When I played MtG, I was content to follow a guide for a cheap Elf rogue deck or Goblin deck. These decks were a ton of fun and were pretty competitive when it comes to playing with friends.

So I'd say this is a fair business model, compare to WoW's subscriptions when I played mostly PvP Scenarios at $15/month with no choice in the matter.

So why pay 15 for access to a battleground when I can play LoL or WoT and there the $15 actually buy me cool stuff like skins, that is if I choose to spend them that way.

I'm not very excited about Hearthstone because it sounds derivative but I'll give a try.
I'm curious though, at how this affects Blizzard's relationship with Cryptozoic, which produces the relatively established WoW TCG. Sucks to be the licensee competing with the licensor. But I suppose the games are separate enough to appeal to different audiences.
I do find it interesting that you never got into Guild Wars (well, I guess now it would be called Guild Wars 1) given that the power collection / deck building aspect of the game was so strong. Given what you indicate you like and don't like in an MMO, I would think that GW1 would have been pretty close to your optimal game.
I'm excited to try this game out. I played MtG in high school, but the cost always turned me off. Video games were such better value for money. A fun CCG that lets me play for free though? Sign me up!

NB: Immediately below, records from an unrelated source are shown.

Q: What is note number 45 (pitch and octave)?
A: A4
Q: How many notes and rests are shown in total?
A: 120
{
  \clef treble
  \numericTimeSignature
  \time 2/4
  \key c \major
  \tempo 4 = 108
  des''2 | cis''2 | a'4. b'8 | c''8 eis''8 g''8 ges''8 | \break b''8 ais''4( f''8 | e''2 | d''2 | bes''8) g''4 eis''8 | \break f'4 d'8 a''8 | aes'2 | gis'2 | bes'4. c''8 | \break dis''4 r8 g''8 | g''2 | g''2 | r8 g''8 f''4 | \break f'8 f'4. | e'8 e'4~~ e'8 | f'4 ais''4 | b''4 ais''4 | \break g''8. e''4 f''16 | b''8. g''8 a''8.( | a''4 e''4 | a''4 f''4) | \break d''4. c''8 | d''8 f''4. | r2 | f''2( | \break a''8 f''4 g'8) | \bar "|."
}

I don't care about being the best. I just like to have fun. Hearthstone will most likely be a game I only play a little each day. Maybe play a couple matches before bed.
I played 3 games of Hearthstone at Pax East and I can say that having never played a card game before, by the second game I was really getting the hang of the game.

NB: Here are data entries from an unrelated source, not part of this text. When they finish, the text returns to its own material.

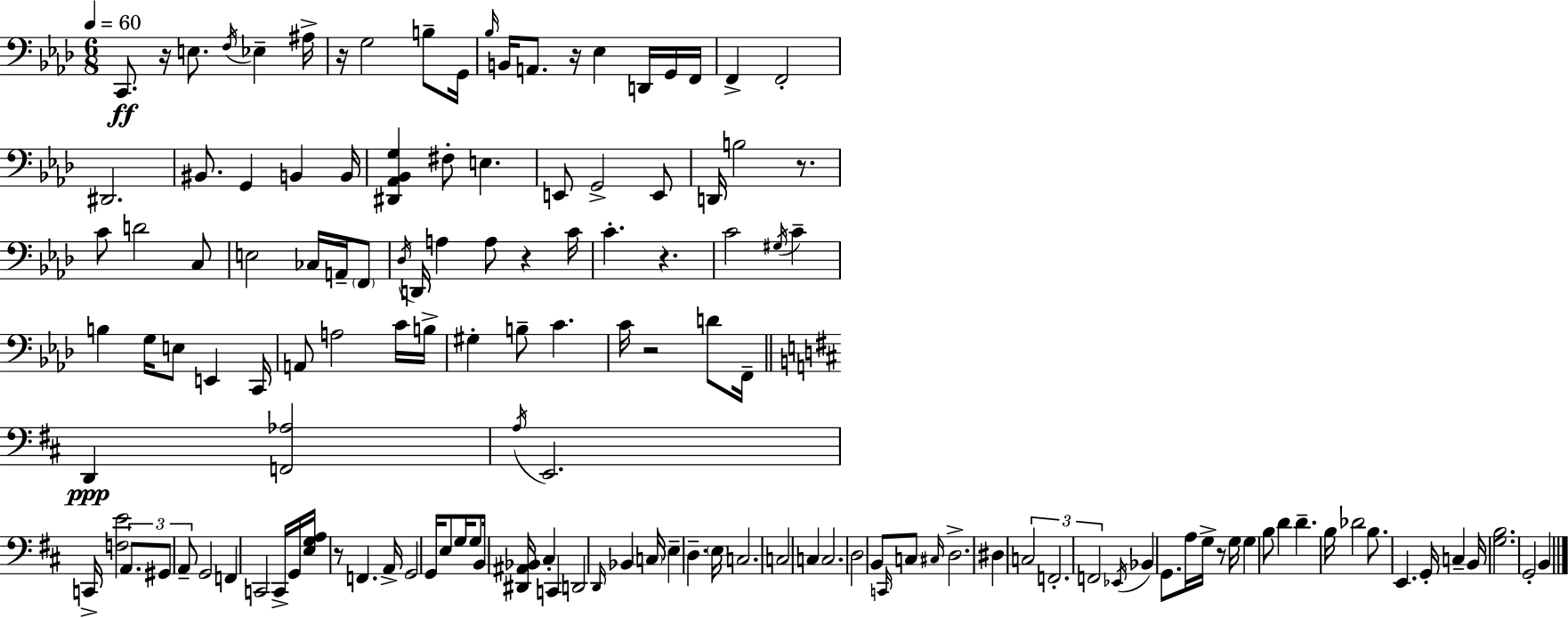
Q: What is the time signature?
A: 6/8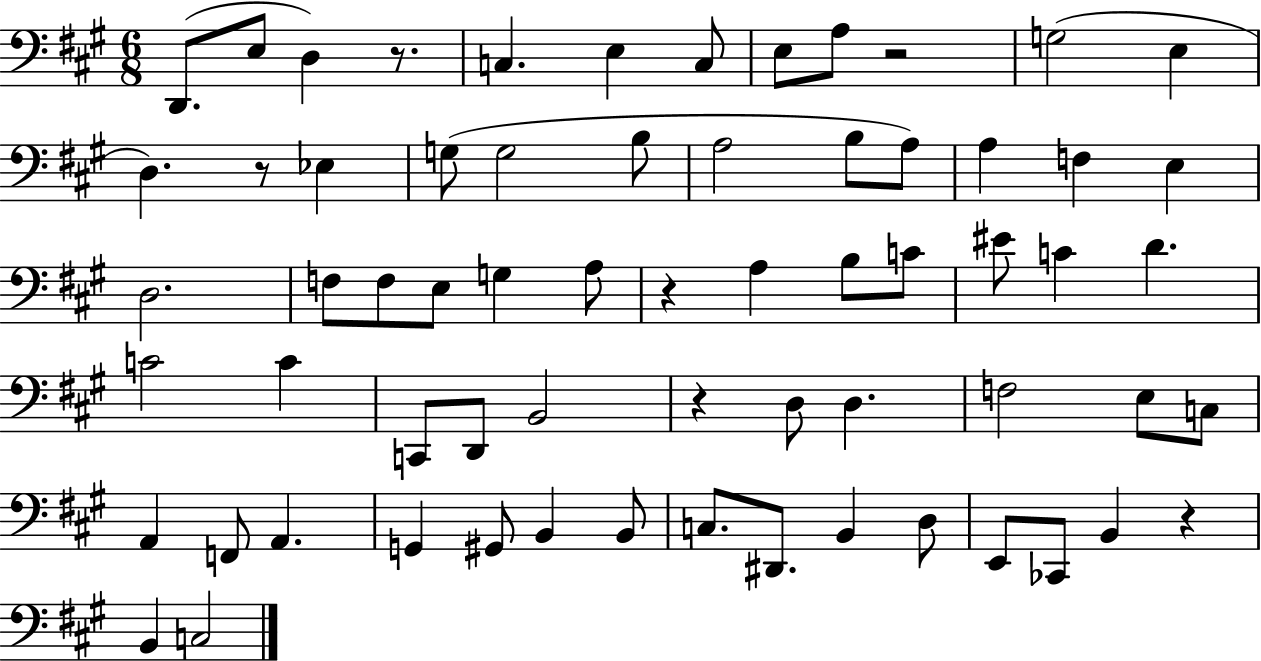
{
  \clef bass
  \numericTimeSignature
  \time 6/8
  \key a \major
  d,8.( e8 d4) r8. | c4. e4 c8 | e8 a8 r2 | g2( e4 | \break d4.) r8 ees4 | g8( g2 b8 | a2 b8 a8) | a4 f4 e4 | \break d2. | f8 f8 e8 g4 a8 | r4 a4 b8 c'8 | eis'8 c'4 d'4. | \break c'2 c'4 | c,8 d,8 b,2 | r4 d8 d4. | f2 e8 c8 | \break a,4 f,8 a,4. | g,4 gis,8 b,4 b,8 | c8. dis,8. b,4 d8 | e,8 ces,8 b,4 r4 | \break b,4 c2 | \bar "|."
}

I can see this game being VERY attractive to the casual gamer, but also interesting and challenging enough for the more competitive among us. I feel that, of all things, Blizzard really excels at doing this. This will be a very profitable game for them, especially since their development costs are way lower compared to their other games.
What I would love to see is this card game integrated with WoW..
There are a lot of possibilities but things like dungeon bosses that you have to clear a whole dungeon to get to then you can fight that boss as a card game, say at the end of the dungeon, so you dont have to wait for other players.
Perhaps NPCs dotted around the world that you earn the right to play against by moving up the ranks and beating each one, the final NPC being the Alliance and the Horde leaders.
Obviously pvp, so you can "duel" another wow player using the card game.
Cards that drop from chests, or bosses or quests is an obvious one.
Just a few quick ideas, the beauty of this is it would help blizzards bottom line. More people would be encouraged to sub to wow. The card game would also run entirely separately from wow as well, but playing that monthly sub would help to "subsidise" the player against having to buy card packs, by getting cards in other ways.
There was once a spin-off of a card game from a CRPG - anyone remember Arcomage, which started as an in-game activity in Might and Magic VII?